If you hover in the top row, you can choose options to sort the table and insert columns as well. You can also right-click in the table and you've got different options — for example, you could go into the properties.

==

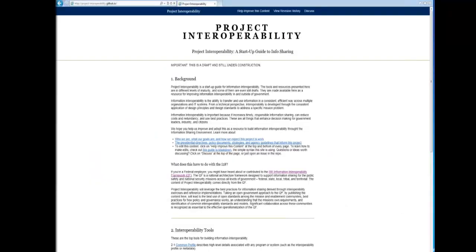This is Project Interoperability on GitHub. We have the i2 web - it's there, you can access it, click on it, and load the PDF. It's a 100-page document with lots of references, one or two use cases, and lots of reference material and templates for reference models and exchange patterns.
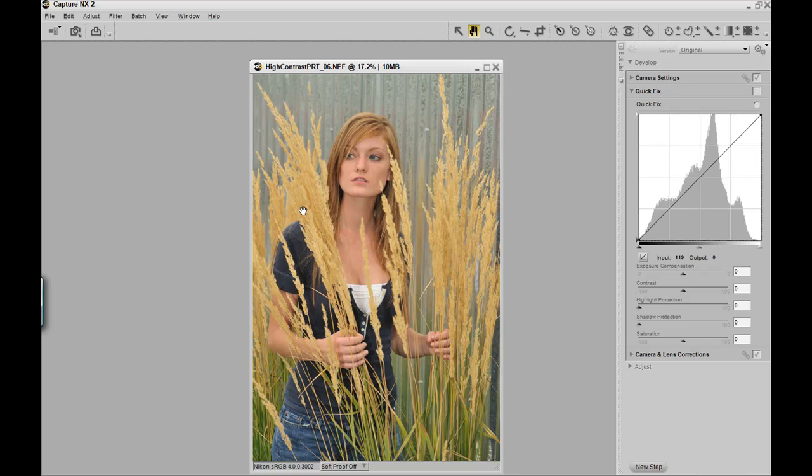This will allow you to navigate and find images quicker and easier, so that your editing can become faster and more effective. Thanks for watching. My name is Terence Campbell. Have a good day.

--

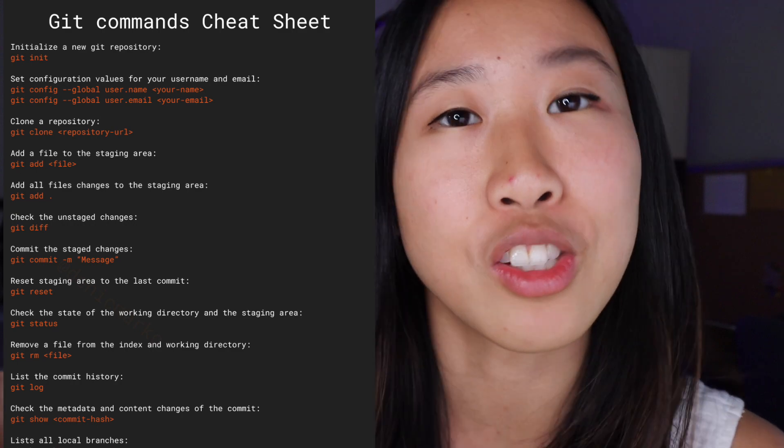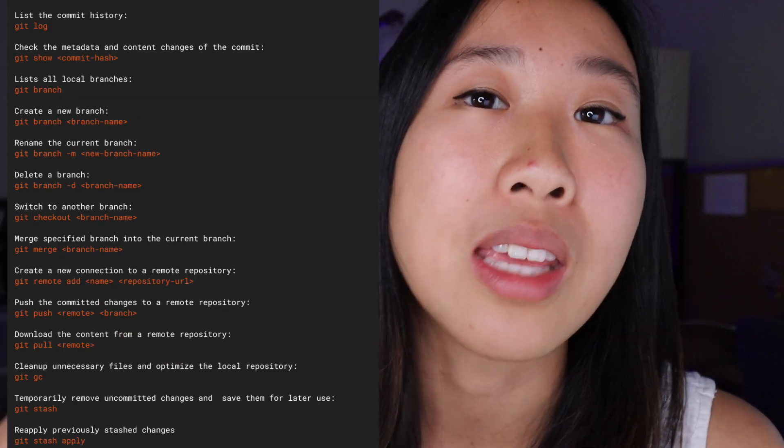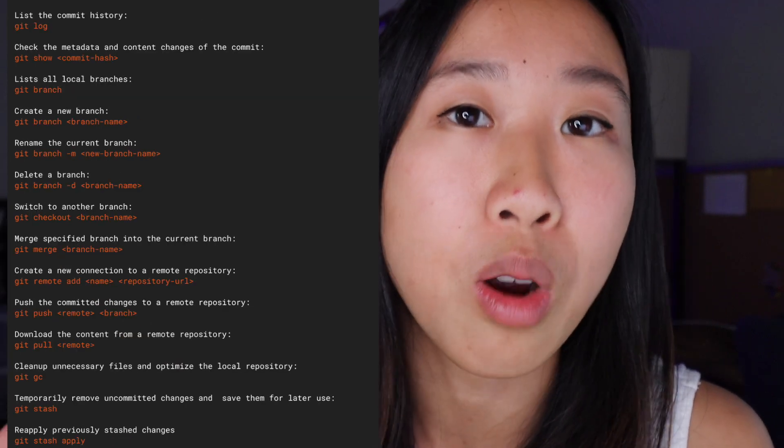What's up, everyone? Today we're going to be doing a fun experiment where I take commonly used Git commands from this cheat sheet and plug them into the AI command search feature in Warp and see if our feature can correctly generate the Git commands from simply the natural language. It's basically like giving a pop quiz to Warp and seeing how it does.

- [WHAT IS BEING ASKED]
Among the entries above, take the lines from the one with "This is Project" through the one with "This will allow" and retype them exactly, leaving out the pictures.

- [RESPONSE TO THIS EXERCISE]
This is Project Interoperability on GitHub. We have the i2 web - it's there, you can access it, click on it, and load the PDF. It's a 100-page document with lots of references, one or two use cases, and lots of reference material and templates for reference models and exchange patterns.
This will allow you to navigate and find images quicker and easier, so that your editing can become faster and more effective. Thanks for watching. My name is Terence Campbell. Have a good day.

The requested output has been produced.